Learning, development & instructional sciences

This graduate program stream focuses on the application of knowledge and research in the psychological sciences to instruction, learner support and the design of optimal learning environments.

In the learning, development and instructional sciences program you will learn to:

  1. Examine, critique, and apply contemporary research in human learning, self-regulation, motivation and development.
  2. Apply psychological sciences to evidence-based practices across diverse instructional contexts.
  3. Critically read, interpret, synthesize and evaluate research.
  4. Communicate scholarly information in ways that are accessible to colleagues, clients and communities. 
  5. Gain in-depth knowledge of scholarly theory and research in a chosen area of focus.
  6. Develop research competency and experience.

Please note:

  • This program is suitable for achieving advanced TQS standing for previously qualified teachers, but none of our programs lead to BC Teacher Certification.
  • This program does not allow you to become a school psychologist.

MA program details

The MA degree is a course and thesis based research degree. It is most suited to students who seek careers designing and conducting research in schools, post-secondary contexts, government or community agencies.  Thesis work typically advances theory, research, and practice in the field of Educational Psychology. Persons who anticipate proceeding on to a doctoral program should apply for the MA degree. Applicants who enjoy and wish to develop the skills of conducting research, writing, and presenting and publishing academic papers frequently select this degree.

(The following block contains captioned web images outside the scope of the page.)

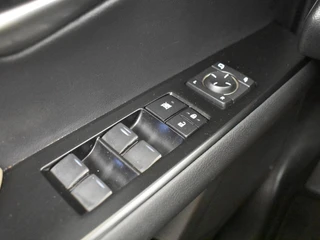 Lexus UX 250h First Edition | Elektr. a. klep | Trekhaak | PDC / 25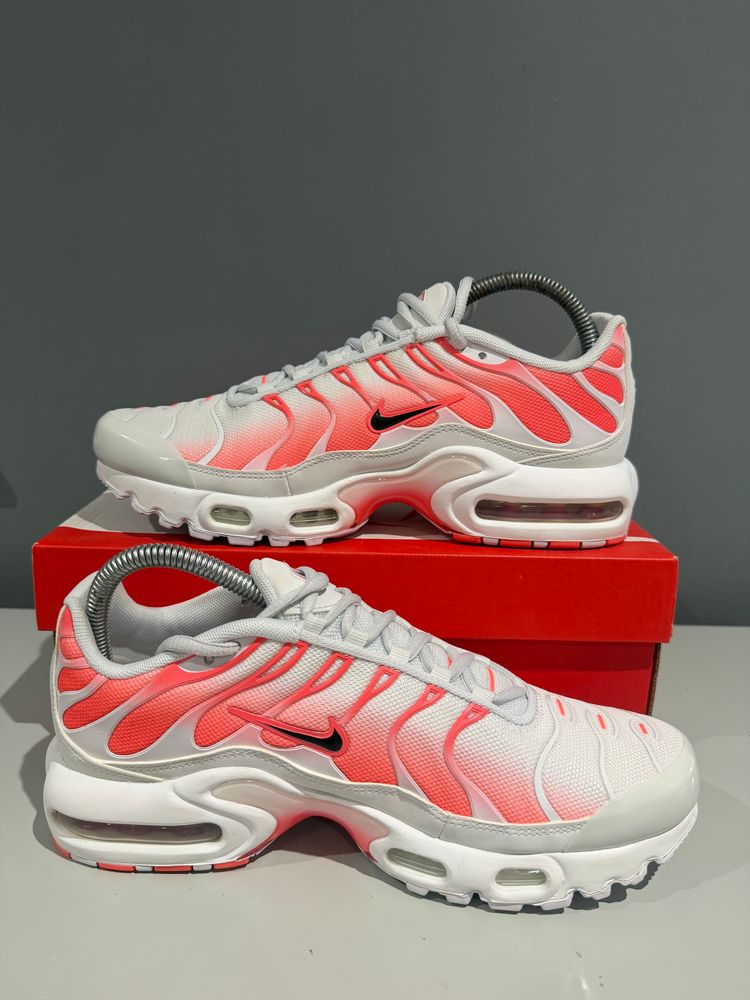 Nike Air Max Plus Pink Coral UK 6 image 2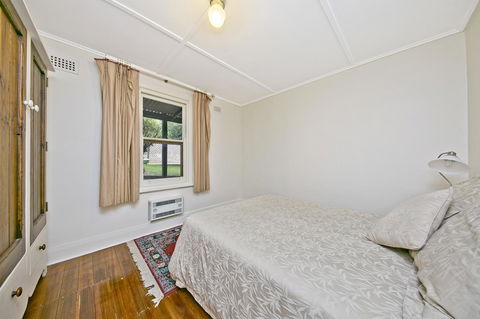 Vineyard Cottage BnB - Accommodation QLD 18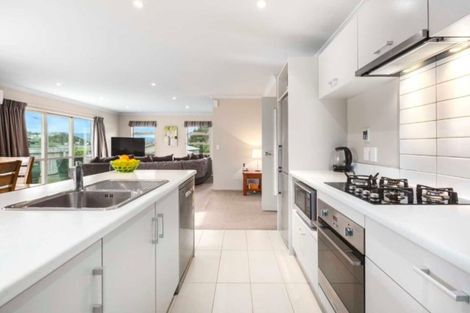 Photo of property in 76 Staithes Drive North, Whitby, Porirua, 5024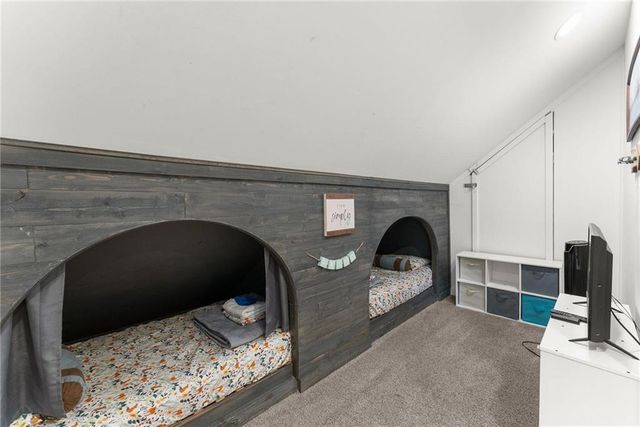 327 Brucken Strasse 311, Helen, GA 30545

Students are encouraged to review and consider faculty area of research & supervision and are welcome to contact potential supervisors in advance of application to discuss their interests. The faculty members in the Learning, Development and Instructional Sciences are Dr. Wanda Boyer, Dr. Allyson Hadwin, Dr. Joan Martin, Dr. John Walsh. 

Important MA features:

  • Progress through program together with your peers and community of learners
  • Two years full time (or three years full time with co-op option)
  • Individualized work with a faculty supervisor on your research thesis
  • Students with undergraduate psychology degrees are generally well prepared for this degree

MA program requirements

The MA is a 21 unit program consisting of 10 courses (1.5 units each) plus a thesis (6.0 units).

Learn about which courses to register in each semester on the program planner for the course-only program or program with co-op option. Note: if you do not follow the course planning guide for course selection and scheduling, you will have to wait until missed courses re-occur in the schedule. This could delay completion by up to a year.

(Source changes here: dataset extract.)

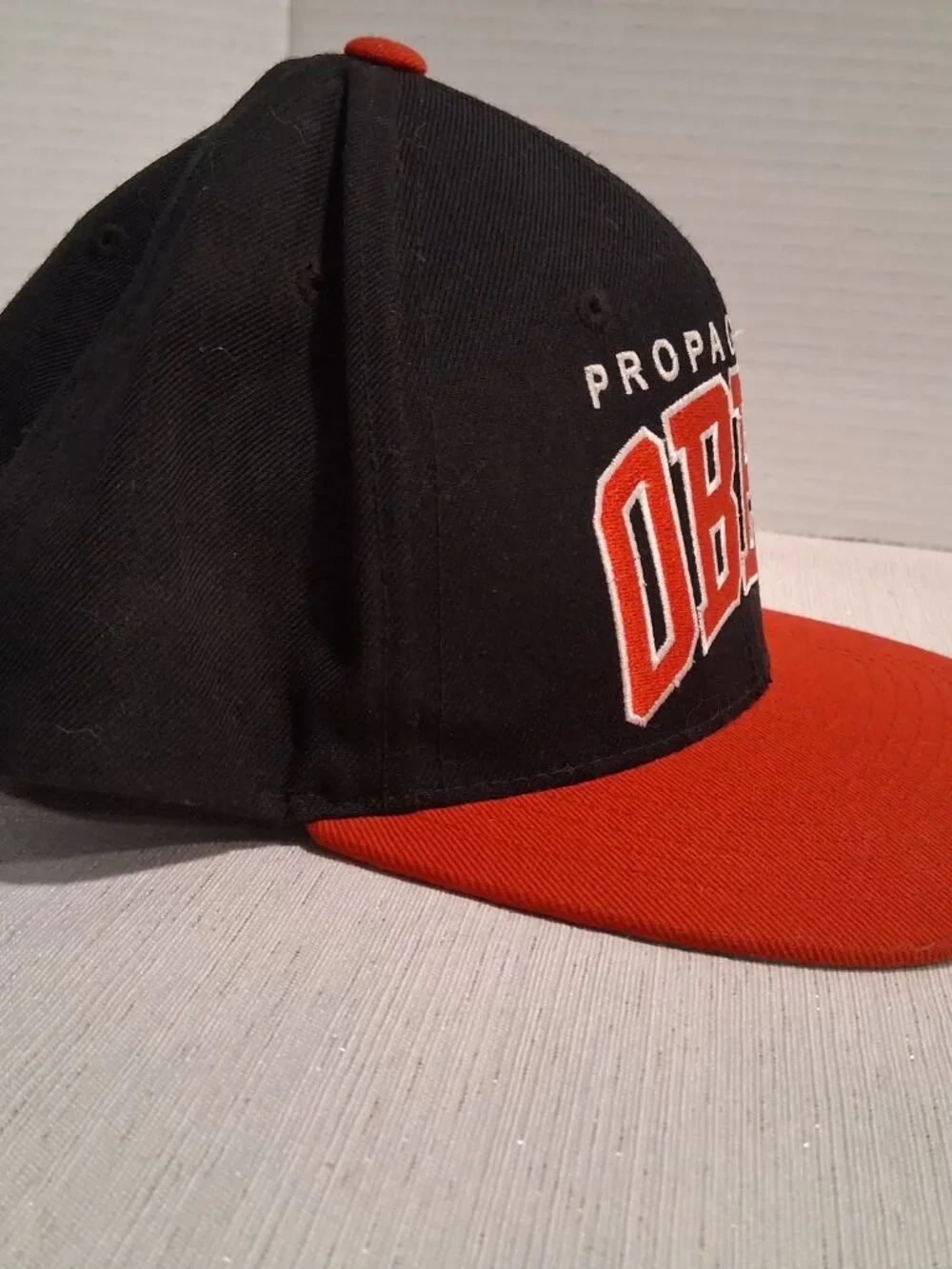 OBEY Propaganda Black Red Snapback Baseball Cap Hat OSFA Wool skater retro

The MA thesis requires students to apply knowledge and skills acquired during your program to design and conduct a primary research study. To complete in a timely manner students are advised to (a) secure a supervisor and committee by February of year one, (b) complete a literature review on their topic in year one of the program and (c) complete the thesis proposal early in the fall semester year two.

MA course requirements

Course number and units Course name
ED-D 505 (1.5) Advanced Concepts in Human Development

ED-D 506: A,B or C (1.5)

Cognitive Development; Social and Emotional Development; Adolescent Development
ED-D 508 (1.5) Theories of Learning in Educational Psychology
ED-D 509 (1.5) Psychology of Learning and Instruction
ED-D 560  (1.5) Statistical Methods in Education
ED-D 561A  (1.5) Methods in Educational Research 
ED-D 570 (1.5) Self-Regulated Learning
ED-D 591A (1.5) Motivation and Emotion Regulation 
Electives (3.0) Courses to be chosen in consultation with student's supervisor
ED-D 599 (6.0) Thesis

Program courses and requirements are subject to change. Check the Academic Calendar for up-to-date information and course descriptions.

MEd program details

The MEd degree is primarily a course-based applied degree that culminates in a capstone project demonstrating your ability to read, evaluate, communicate and apply psychological research. It is especially useful if you're seeking advancement in applied educational settings, community organizations, or government education ministries. The program is also useful if you are interested in the development and evaluation of educational programs and services. 

Important MEd features:

  • A cohort based program; you progress through the program together with your peers creating a community of learners
  • The MEd requires two years full time (or three years full time with co-op option)
  • The MEd is primarily a course-based program that culminates in a time-limited capstone research review project that is designed to allow you to demonstrate what you've learned
  • The MEd focus is on developing skills for reading and interpreting both quantitative and qualitative research

Program requirements

The MEd is 10 courses (1.5 units each) plus a project (3.0 units) and final comprehensive exam (1.5 units) for a total of 19.5 units.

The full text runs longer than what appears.